From September 1999 to mid-January 2000 a sense of foreboding hung over the art world in the Netherlands. The secretary of state for financial affairs, Willem Vermeend, had proposed a tax on private art collections at 1.2 per cent per annum starting in 2001. The catastrophic effects this would have had are easy to imagine.
For connoisseurs with large private collections the proposed tax would soon destroy any enjoyment they might obtain from the works they have assembled. Major collectors who have amassed important collections - whether or not this has cost large sums of money (museum directors know them well) - would have to pay 12,000 guilders on each million per year. A collection valued at twenty-five million guilders (25 modern classics or 25 old masters or 25 nineteenth-century paintings) would cost the owner 300,000 guilders annually. In the course of nine years this would come to nine million guilders. These collectors will never pay that sort of amount. Probably, they would either leave the Netherlands or sell their collections. Whatever they decided, Holland would lose them as collectors. And where private collections disappear, works can no longer be given to museums on loan, let alone donated. So museums would also suffer seriously as a result of this tax.
These are just a few examples that Stichting NedArt outlined in an official objection submitted to the parliamentary committee on financial affairs in protest against the legislative proposal for the 2001 income tax reform presented by the ministers of finance Gerrit Zalm and Vermeend in mid-September 1999.
In fact private individuals buy art to enjoy it and to display in their homes. They do not consider art principally as an investment. Vermeend felt differently, however, because in an explanatory statement he noted that if a private individual buys expensive antique furniture and actually uses it in the home, it is nevertheless intended as a (tax-free) bonus for a rainy day. With this nonchalant remark the secretary of state declared all works of art free game. After all, how can an art lover possibly prove that a work was bought from a passion for art? What proof is there that a person really does prefer antique furniture to contemporary design? Indeed, perhaps design furniture is also considered art. A tyranny loomed over the art world that threatened to leave the private citizen impotent. Although of course individuals are mobile: they can leave the country. Art is also mobile and easy to keep out of sight of tax officials. Capital gains tax, originally instituted to retrieve capital that had left the country, would in fact result in art finding its way abroad, underground or into the black economy.
The Dutch art world was taken totally by surprise with this unwholesome plan. It seemed was incredible that anyone could devise such a scheme. As already mentioned, Stichting NedArt - which represents the interests of art dealers, gallery owners, art fairs, auction houses, art insurers and art transporters - submitted an extensive, substantiated objection to the permanent parliamentary committee on financial affairs. Among those who recognised the seriousness of the situation and supported these objections were the Nederlandse Museum Vereniging and Vereniging Rembrandt.

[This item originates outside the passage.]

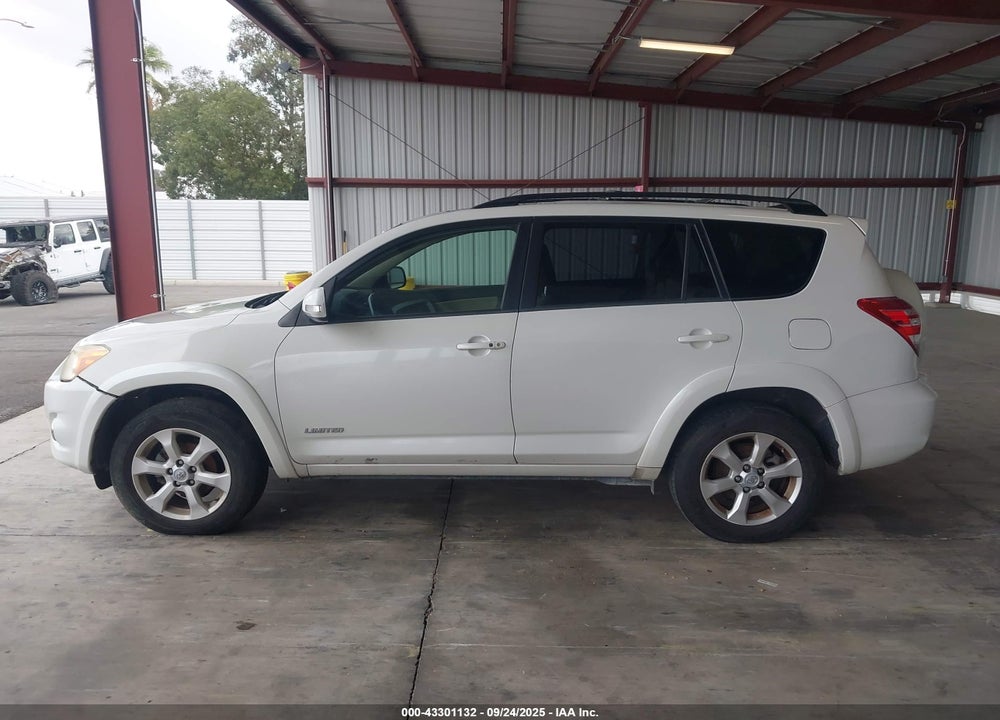 2009 TOYOTA RAV4 VIN: JTMZF31V695010825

That Friday evening, the secretary of state for finance responded in a press release stating that there was nothing to worry about. Following the subsequent debate in the Second Chamber, the government has indicated that the proposed tax reform is not intended to raise the level of tax on art. On the contrary, it is with an eye to the importance of art collecting in the Netherlands and government policies to stimulate the arts that an exemption has been incorporated in the capital gains tax for works of art and scientific objects. In the aforementioned legislation, moreover, the government has underscored that the proposed exemption is fundamentally in line with the existing property tax exemption. Fine words, but these were not in the proposed legislation.
Article 5.2.2.
1. Property shall not include works of art or scientific objects, unless these are intended principally as investments.
2. Works of art and scientific objects include works of art or scientific objects made available to third parties for cultural or scientific purposes.
3. Works of art and scientific objects that form part of a collection are not thereby considered an investment.
In the accompanying explanation, moreover, it is clear that the purpose of this legislation is to ensure that certain situations are covered by capital gains tax. This refers, for example, to construction-like situations in which art is bought with a view, among other things, to avoiding assessment dates relevant to the calculation of profit levels or the purchase of 'shares in warehouse art' as a new tax-free investment product. In this kind of situation, whereby persons liable to pay tax are clearly not buying art for art's sake, exemption would not be suitable. This will limit the attraction of the exemption for works of art and scientific objects and the resultant reduction of profit levels.
Nevertheless, we would like to make the following clear. If Vermeend's purpose was simply to combat abuse of tax exemptions for art, he did not need legislation to achieve this. The tax inspector can always counter abuse using the fraus legis
principle. This way, art held by a private individual to avoid capital gains tax is simply calculated under Box III and taxed at 1.2 per cent. Had the secretary of state considered the fraus legis principle insufficiently effective or too
indirect, a simple directive accompanying the legislative article would have sufficed.
But as they say, all's well that ends well.